* DESCRIPTION OF THE TASK
Pictures in the data should be dropped; transcribe exactly the lines from the one that has "Embroidered Denim Jacket" through the one that has "Women's Mid Star".

* INPUT MATERIAL
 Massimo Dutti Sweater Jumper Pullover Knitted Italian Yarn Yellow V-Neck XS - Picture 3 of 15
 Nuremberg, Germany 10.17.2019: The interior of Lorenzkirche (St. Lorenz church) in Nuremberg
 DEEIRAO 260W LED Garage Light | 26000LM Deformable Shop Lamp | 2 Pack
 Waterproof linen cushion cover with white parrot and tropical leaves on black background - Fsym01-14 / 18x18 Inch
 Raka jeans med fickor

---

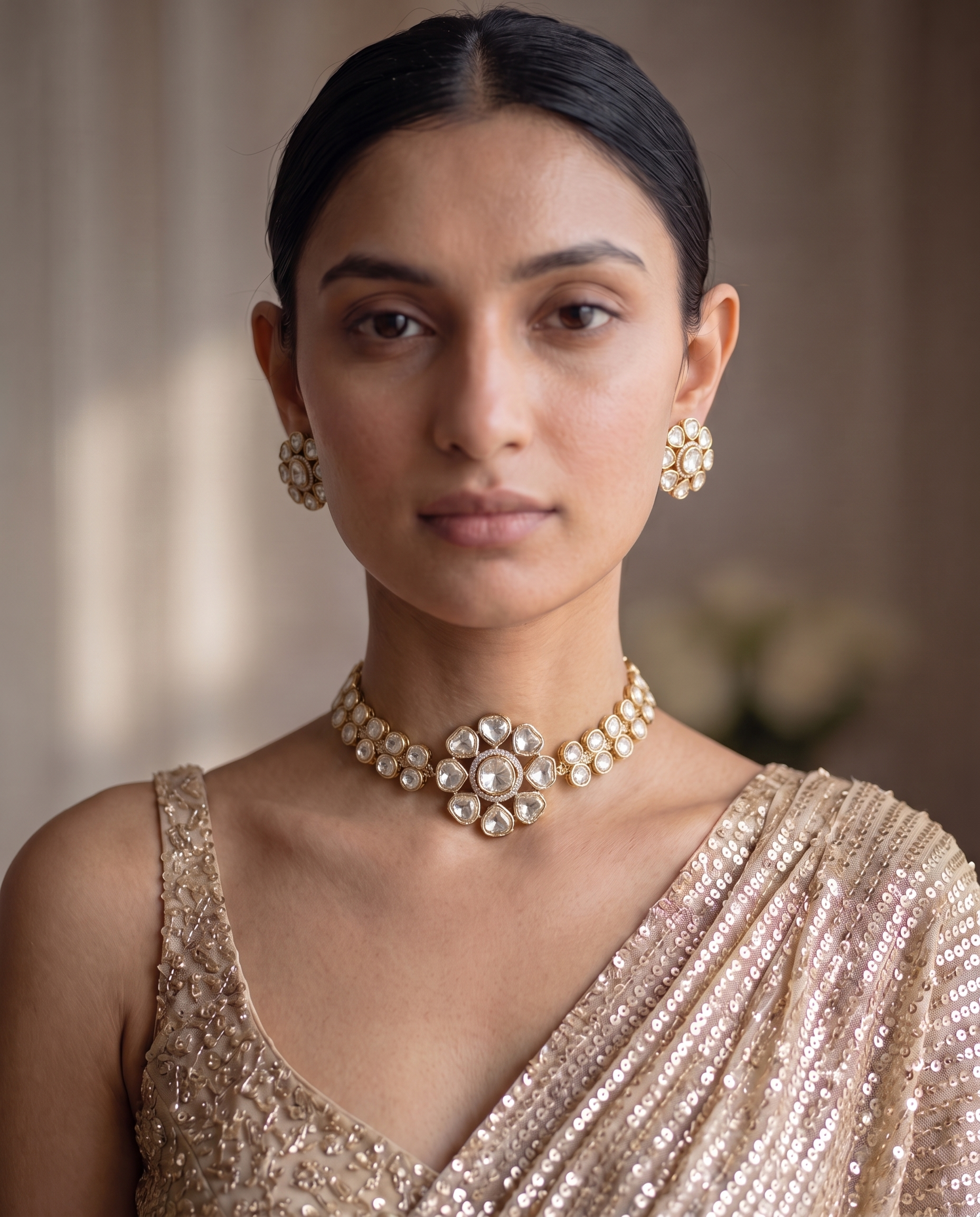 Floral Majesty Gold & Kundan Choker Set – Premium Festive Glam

--

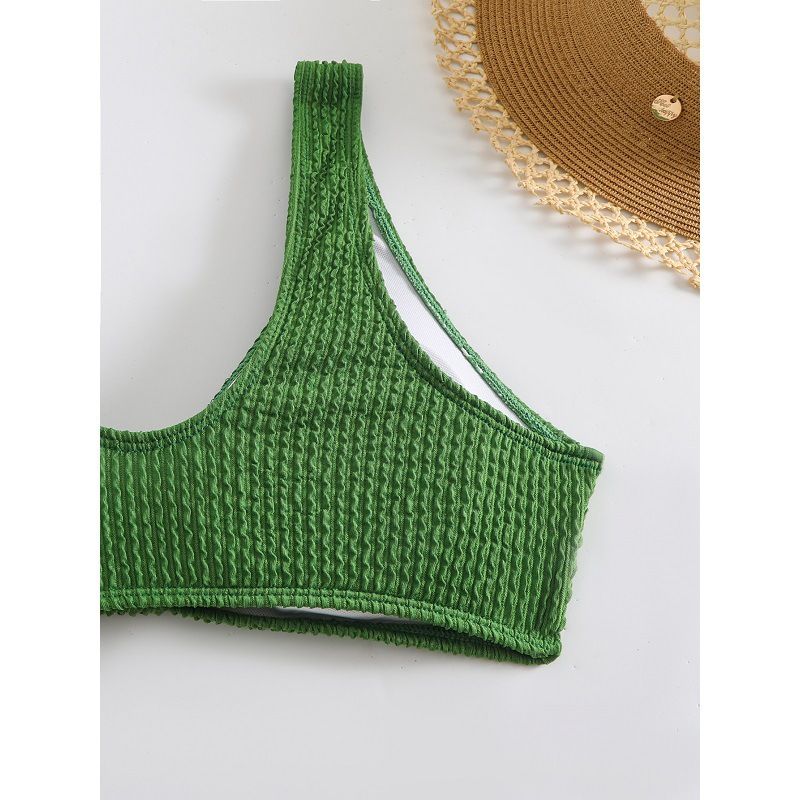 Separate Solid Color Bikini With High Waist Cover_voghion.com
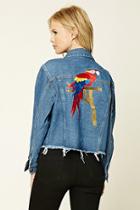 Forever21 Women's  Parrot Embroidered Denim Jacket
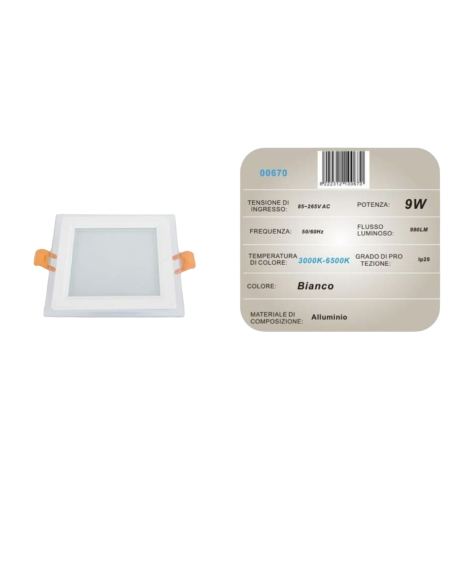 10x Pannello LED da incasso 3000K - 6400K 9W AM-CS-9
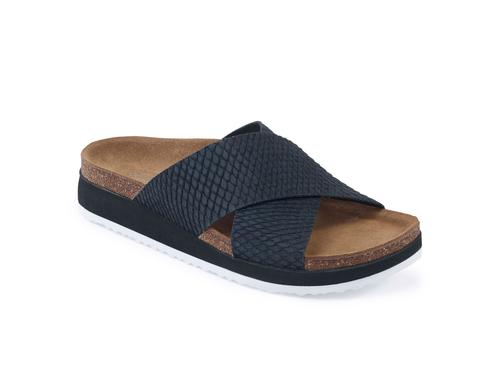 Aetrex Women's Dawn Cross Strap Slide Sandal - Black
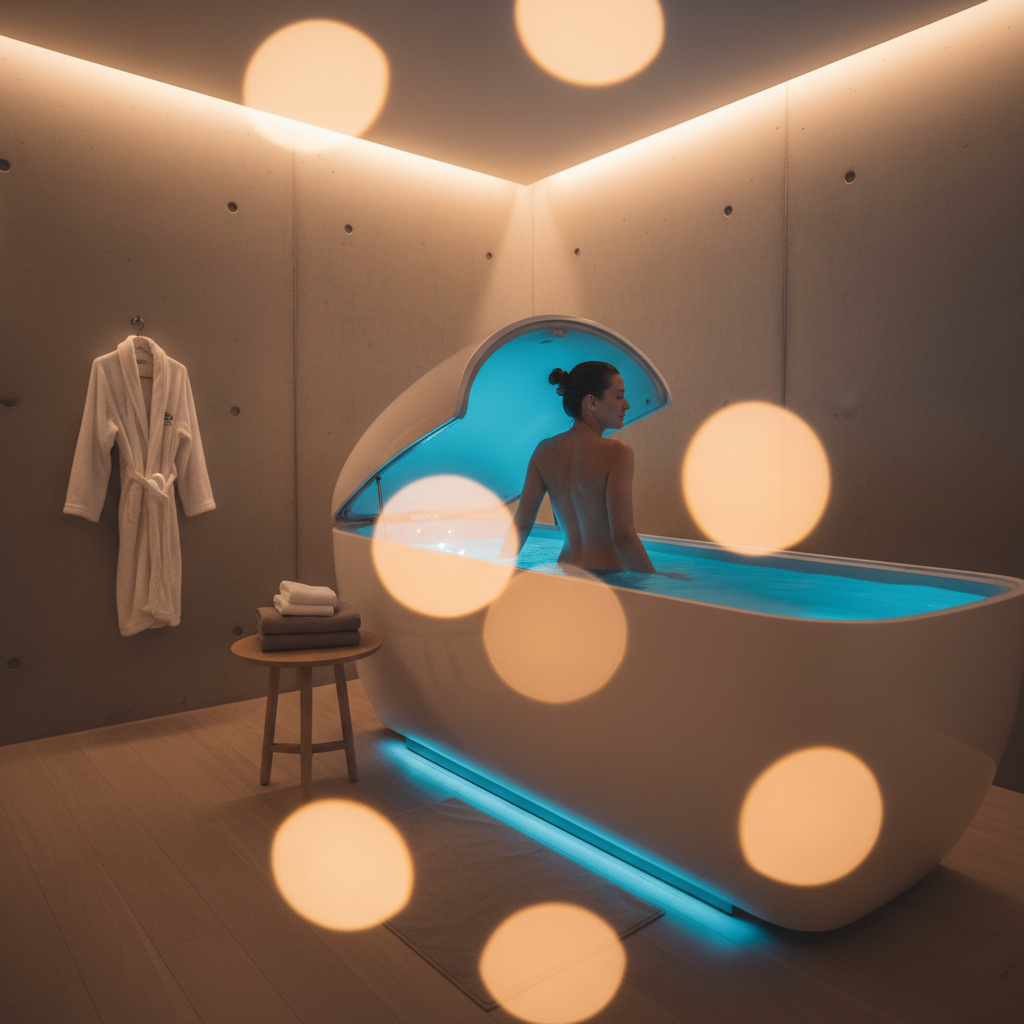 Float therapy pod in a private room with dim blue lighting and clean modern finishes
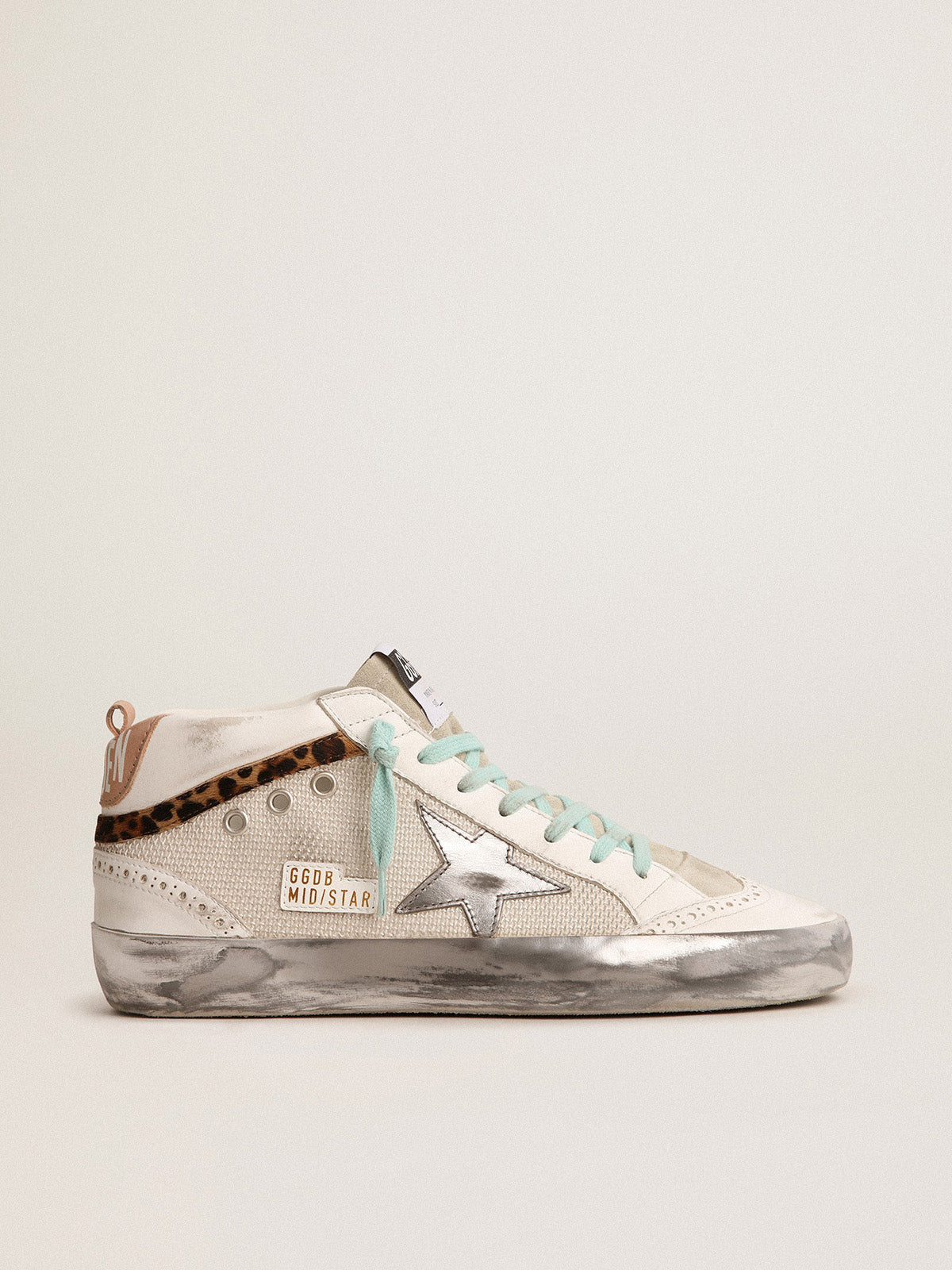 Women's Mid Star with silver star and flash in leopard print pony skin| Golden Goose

* SOLUTION FOR THIS TASK
 Forever21 Women's  Parrot Embroidered Denim Jacket
 10x Pannello LED da incasso 3000K - 6400K 9W AM-CS-9
 Aetrex Women's Dawn Cross Strap Slide Sandal - Black
 Float therapy pod in a private room with dim blue lighting and clean modern finishes
 Women's Mid Star with silver star and flash in leopard print pony skin| Golden Goose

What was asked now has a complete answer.